Nevada-based Bohlender-Graebener, for example, produce well-regarded "traditional" speakers—their Radia 520i speaker was reviewed by Larry Greenhill in the December Stereophile—but the company's big product introduction at the Show was a pair of on-wall custom-install speakers. The R-17i (held in the photo by BG engineer Igor Levitsky) and the R-18i both cost $499.50 but differ in their cosmetics and drive-unit line-up. Both, however, use versions of the company's ribbon unit as the tweeter, with that in the '18i rotatable about its vertical axis so that it can either face the listener for front-channel use or face to the sides, to give the diffuse field required by THX for rear channels. A brief listen to a pair on stereo reinforced the idea that keeping the speaker separate from the unknown acoustic of the wall cavity is a good idea.
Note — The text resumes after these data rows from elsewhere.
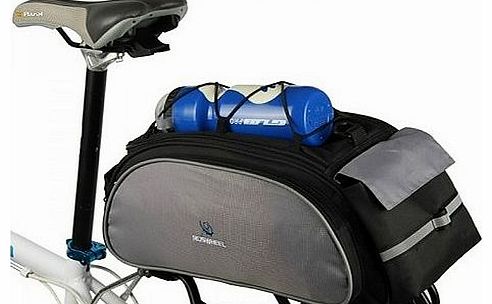 Black Roswheel Cycling Bicycle Bag Bike Outdoor Travel Rear Seat Bag Pannier 13L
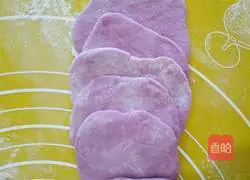 Illustration of how to make purple sweet potato buns 5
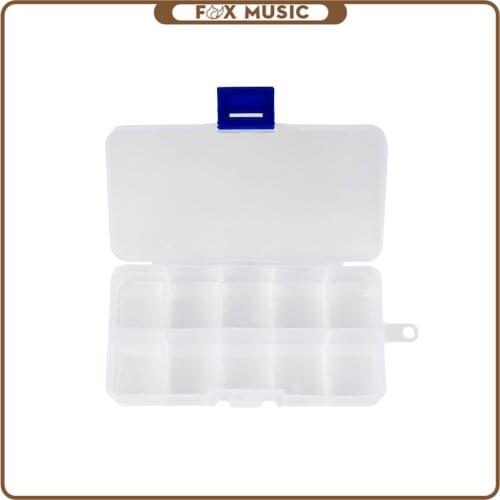 Transparent Plastic Storage Box 10 Grids Picks Dots Screw Organizer Container Case Storage Boxes Best Celling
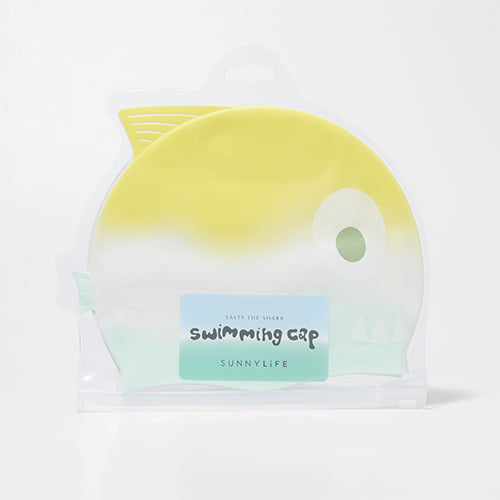Gorro de natación infantil Salty The Shark multicolor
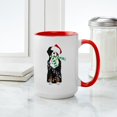 thumbnail image 4 of CafePress - Christmas Bernese Mt Holiday Dog Mugs - 15 oz Ceramic Large White Novelty Mug, 4 of 4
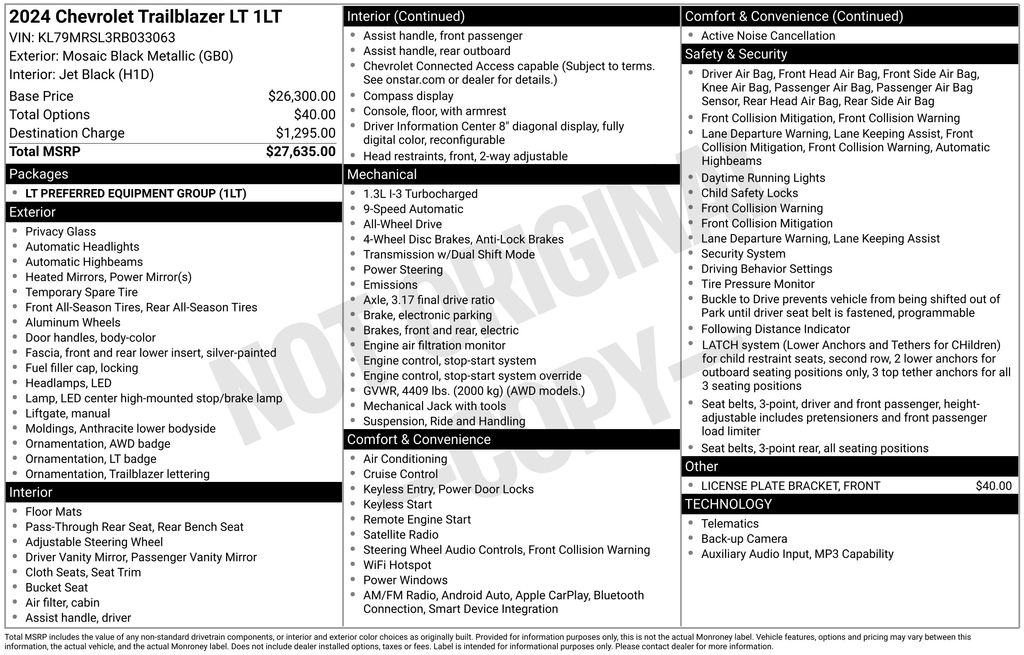 Thumbnail: 2024 Chevrolet TrailBlazer - 15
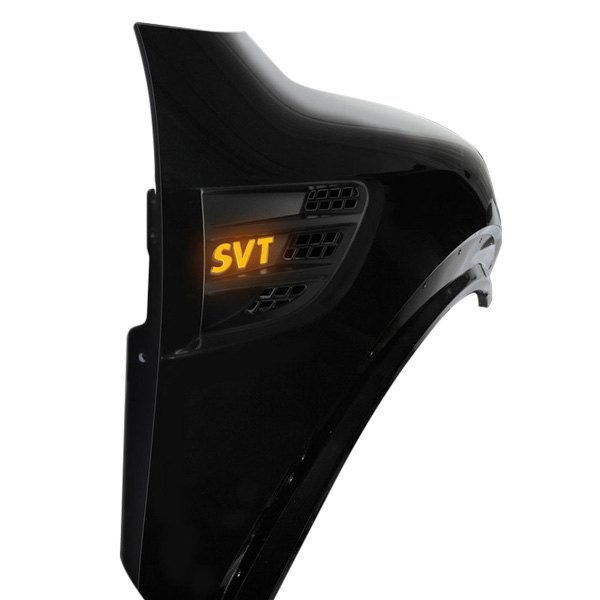 Recon® - "SVT" Black Driver and Passenger Side Fender LED Emblem Kit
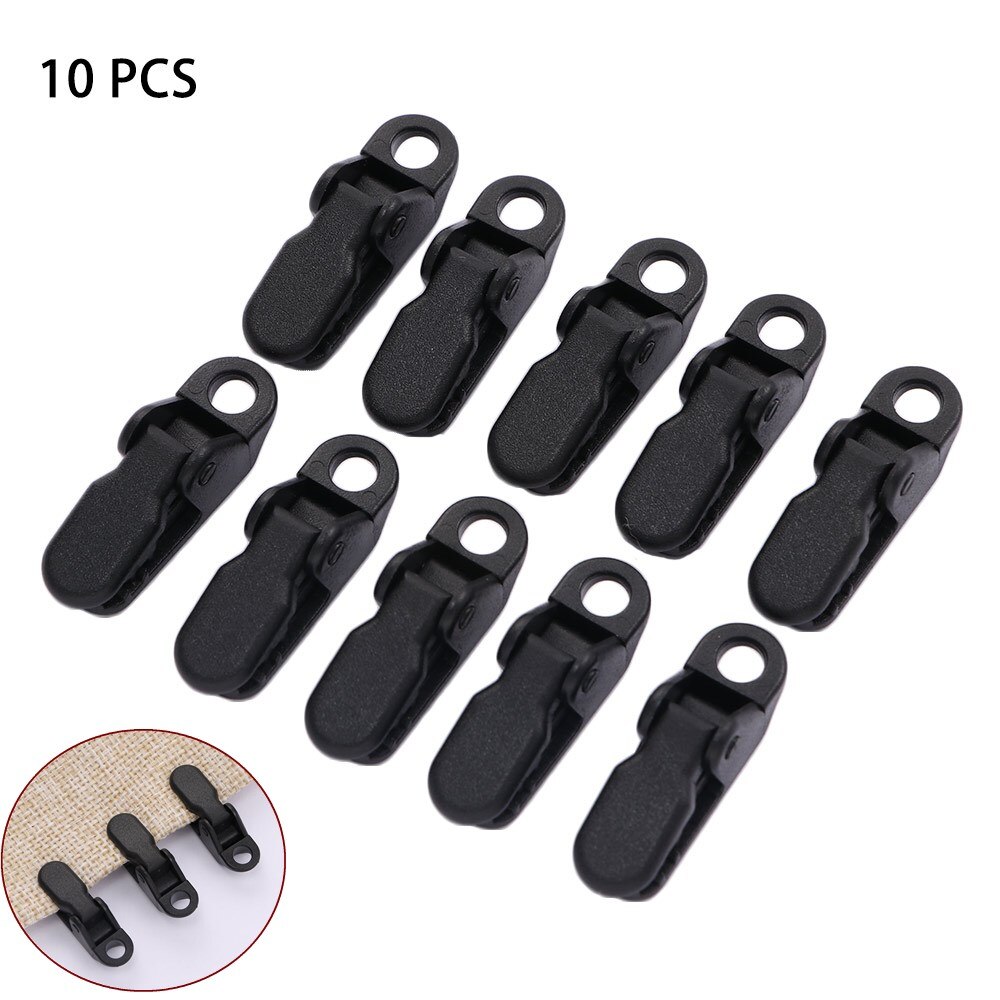 10PCS Tent Pull Point Clip Outdoor Camping Tent Alligator Clip Pull Point Hook Buckle for the Tent Crocodile Clip Tent Accessory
Stereophile columnist Michael Fremer chaired a seminar, "What Happened to Audio," bemoaning the current state of the audio industry, wherein quality music reproduction is treated as an adjunct to the current cash cows of home theater and custom install. (A clue to the problems faced by the audio industry was the fact that only 24 Show attendees, including this reporter, attended the session.)

A panel comprised of journalist Ken Kessler, record producer Elliot Mazer, distributor Stirling Trayle, Blue Man Group producer Tod Perlmutter, and satellite audio engineer Geir Skaaden chewed the subject over—Why don't more end users care about quality? Why don't more record company execs care about quality? Is it the effect of the iPod? Will the massive data-compression used by XM and Sirius radio dumb down listeners' expections about audio quality?—to no good conclusion, but with the hope that many of the millions currently listening to data-reduced music will eventually demand more quality. All the panelists agreed that the passion that fuels high-end audio was in sparse supply at the main convention center.

That passion is still in evidence at the Alexis Park, however, and two two-channel rooms caught this scribe's attention at the end of a long day. Both rooms offered a connection back to the start of the High End in the early 1970s. First, I listened to the SACD remastering of Artur Rubinstein's 1960s performance of the first Chopin Ballade for piano in the Genesis room, courtesy of pioneering speaker engineer Arnie Nudell. Played on a venerable Sony SCD-1 player, via an Aesthetix preamp, Bruce Moore 225W tube monoblocks, into the $48k/pair Genesis 201 four-tower line-source speakers with Synergistic cables, the shade of Rubinstein at the Steinway was conjured forth in a most convincing manner.

Second, was listening to Pink Floyd's "Shine on You Crazy Diamond" in the Viola room, on a system comprising A Bel Canto universal player, Viola Cadenza preamp and Symphony power amp (both $16k) into preproduction versions of Viola's new Allegro three-way monitors ($20k/pair) sitting on Basso woofers ($18k/pair). This time it was the shade of Syd Barrett that was conjured forth, and I found it hard to leave.

The connection with the Golden age of high-end audio is that Viola sprung from the ashes of Mark Levinson's Cello company, which itself sprang from the original Mark Levinson Audio Systems. The Viola electronics are designed by Tom Colangelo, the speakers by Paul Jayson, both long-term Levinson associates, and the Connecticut-based company is now steered by dCS alumnus, the very English Robert Kelly.

As long as audio companies can still design products that allow the music to communicate so effectively, the High End will survive and perhaps one day again will thrive!